1) What are you lying about?

To yourself? To your partner? To your community?

What parts of yourself do you just omit from conversations? Especially things like mistakes and embarrassments. We don’t need to constantly talk about our failures, but we also don’t need to be afraid to share them and be a little vulnerable. It will probably also inspire someone else to be more open to the things they’re not so proud of. Being vulnerable is numero uno importante when it comes to loving fearlessly.

Whatever you’re the most afraid to share, especially those skeletons that are dusty and dank from rotting in your closet for decades, give them some air time with people you trust. You will feel years lighter and more authentically yourself. And better yet, stopping the lies – which we all tell to maintain our precious image in our different social circles – makes less mental clutter because we have less to remember and less stories to keep straight. More space to show up and just be you.
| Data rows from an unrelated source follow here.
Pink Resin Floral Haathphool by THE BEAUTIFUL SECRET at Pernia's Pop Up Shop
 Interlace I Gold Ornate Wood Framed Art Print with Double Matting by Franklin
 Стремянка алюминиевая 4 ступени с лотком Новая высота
Another revelation I had of late was that I loved being involved with my friends’ integrated communities, but I was terrified to do that myself. I tried to keep people separate and compartmentalize all the parts of my life. Opening all of these boxes and letting them mix has felt really messy and scary. And relieving. And surprisingly inspiring. It gives me room for my life to cross-pollinate a little bit, for my friends and lovers to know about each other, and to transfer the lessons I learn from one life situation into another.

2) Are you having the hard talks?

Another place to look is if you’re talking about that stuff that makes you cringe. With a new lover recently I had the STI/safe sex conversation which used to make me want to run and hide in a corner. After 5 years of being poly, I’ve boiled mine down to a few sentences of pertinent information and relevant questions that get it all out in the open and allow us to enter into trusting space, compassionate communication, and honesty. I spent my younger years being pretty sexually open and sex-positive. But I wasn’t taught that these are things you talk about or how to talk about them which led me to believe I was doing something wrong. And when I do something wrong, my inner demons love to persecute me. Mercilessly.

Someone recently said to me, “I don’t usually talk about that in my relationships.” Whatever that is for you, start talking about it! Where you feel dark and squeamish, there are most definitely demons haunting you and holding you hostage. My family didn’t used to talk about our core wounding, how we’ve hurt each other and what we’ve learned from each other. But we’re starting. And I feel a lot less elephants in the room and eggshells I have to carefully step around and avoid. Which frees up so much energy to actually be myself.

3) Are you making mistakes?

Love is messy.

Period.

If you’re not making mistakes and learning from them, you’re probably just repeating the same patterns and assumptions that you learned from your parents, teachers, movies or your society. Here’s a great conversation starter with partners and lovers: what’s a mistake you’ve made recently? What have you learned? How can they help hold you accountable for seeing that pattern when it comes up again?

To undo an ingrained pattern takes WAY more work than creating the pattern in the first place. Recognize that it’s going to come up again and the more people you have who can compassionately remind you that “you’re doing it again,” the more likely you are to grow out of habits that no longer serve you.

4) Do you say “I love you”?

When was the last time you stopped an important person in your life to tell them you love them? A family member? A chosen family member? A cousin? A co-worker or co-leader? Someone in your community? Do you tell people you love them? Or show them in different ways? When and how?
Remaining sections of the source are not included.